When talking about governance and boards, typically what comes to mind for most small to medium-sized business owners is a bunch of professionals in suits, sitting around a big board table, talking business and making decisions.  It’s not surprising then that a lot of SME business owners take the view that having a board is not for them.  They may think their business is not sizeable enough to warrant a board or that a formal board structure is inappropriate given their industry and current performance.  In many cases, owners believe their businesses are doing “well enough”, and they are making a “good enough” living, so it’s not surprising to find the majority of SME businesses are self-governed by their founders.
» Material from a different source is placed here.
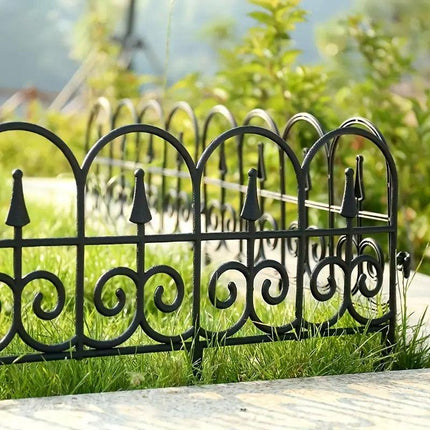 12pcs Outdoor Plastic Garden Fence Decorative Hedge Fence for Patio Landscaping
There are various reasons why the SME sector shy away from setting up proper governance structures. Some may be hesitant to be held accountable, while others perceive the cost of paying independent board members as being too expensive. However, the main reason, I think, is they just do not realise the value that proper governance and a board structure can add to their business.  They don’t know what they don’t know, and because of this they don’t realise the benefits that proper governance structure and a board can bring.

There are a lot of self-governed SMEs out there, which are doing well, but is “doing well” the same as “doing great”?  And are they really performing well, or have they just been lucky?  Running your own business is challenging.  Most operators are wearing multiple hats within their business, forever trying to be everything to everyone, unfortunately, at some point, something has to give and the cracks start to show.

There are signs where it is apparent that having a board would have made a difference to the success of a business.  These failings will often directly relate to the set of skills that are not the strong suit of the founding owners. Some examples of these are strained working relationships or resentment between founding owners, an inability to grow turnover or profit past a certain level, retention of inefficient processes or unprofitable products, failure to spot changes in the market, staffing issues, or sudden cashflow issues.

The benefits of having proper board and governance structures in place mean that many problems could either have been identified and addressed before they became serious, or may never have occurred at all. Being accountable to the board ensures that all areas critical to the success of the business are addressed and get the right amount of focus. Risks are mitigated and opportunities are identified across all areas of the business, not just those comfortable or familiar to the founding directors.

Another advantage is that the journey for founding owners is less lonely, as there is the support and guidance of the board members, who all share same mandate: to do what’s right for the business.  The emotional element is taken out of the equation, decisions are made in the best interests of the business and are able to be substantiated.

Having a board also ensures that time is spent working “on” the business, instead of “in” the business, which is an area that often gets muddy for working owners.  There is a clear definition between what is strategic and what is operational. A strategy is decided, a plan is created, resources are allocated and progress against the set strategy is monitored on a regular basis. Those tasked with implementing the strategy at an operational level are accountable to the board.  Matters are dealt with, rather than put off or overlooked.

The SME sector encompasses many different businesses, all at different stages of growth, from the sole trader new business to the more established company employing staff.  Given this diversity, what does an appropriate board structure look like for a small SME with limited resources?

This is a difficult question to answer, but a good place to start would be to ensure that at the board governance level there is access to the right skill sets required to manage the business.  A balanced board typically includes people with experience in different sectors of the business community, such as Legal & Finance, Compliance, Sales & Marketing, as well as people with experience and success in the same industry.

If, when reading this article, you identify with some of the difficulties that you are facing in your business, and you have been navigating them alone, perhaps its time to consider setting up a proper governance and board structure.  This may seem daunting, but it doesn’t need to be.  To begin, ask yourself some questions, using these points as a guide:

Start by taking some time to review honestly your businesses current position.  Identify the areas that you have concerns about or do not feel confident in.  What areas need attention now?  What has held the business back?  Balance this with also reviewing the areas of the business that are doing well.  Why are they doing well?  What are its core strengths? Be honest.

Once you have completed this, look forward, and consider where you want the business to go.  Do you have formal strategy for the future already in place, or do you need to create one?  What challenges need to be overcome?  What opportunities are available?

After listing these out, identify what skills sets are missing from the business.  Then consider what type of person would have these skills. What industries are they from? How much experience would they have? Do you already know people who may have these skills who would be open to being a board member?

Once you have completed this process, you should have a better understanding of the types of skill areas and people that need to be obtained that your business needs. From here, the right governance structure and potential board people can be identified.

The key point to take away from this is that if you are the founder of a SME and you are currently managing it alone – it may be time to consider there might be a better way, with improved governance and a board structure.  What do you have to lose?